# [Work request]
Look in the data below for the line that contains "poor neonatal outcome.". Copy that line and the remaining lines exactly.

※

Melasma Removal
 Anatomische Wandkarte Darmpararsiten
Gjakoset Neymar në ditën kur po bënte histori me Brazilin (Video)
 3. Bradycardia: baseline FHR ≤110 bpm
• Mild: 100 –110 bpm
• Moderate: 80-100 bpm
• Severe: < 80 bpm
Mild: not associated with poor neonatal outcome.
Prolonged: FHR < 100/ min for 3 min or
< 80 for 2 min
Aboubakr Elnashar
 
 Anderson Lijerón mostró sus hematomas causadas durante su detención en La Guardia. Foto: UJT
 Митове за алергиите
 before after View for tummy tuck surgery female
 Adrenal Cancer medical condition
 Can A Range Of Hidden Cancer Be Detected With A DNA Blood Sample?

※

# [Solution to this exercise]
Mild: not associated with poor neonatal outcome.
Prolonged: FHR < 100/ min for 3 min or
< 80 for 2 min
Aboubakr Elnashar
 
 Anderson Lijerón mostró sus hematomas causadas durante su detención en La Guardia. Foto: UJT
 Митове за алергиите
 before after View for tummy tuck surgery female
 Adrenal Cancer medical condition
 Can A Range Of Hidden Cancer Be Detected With A DNA Blood Sample?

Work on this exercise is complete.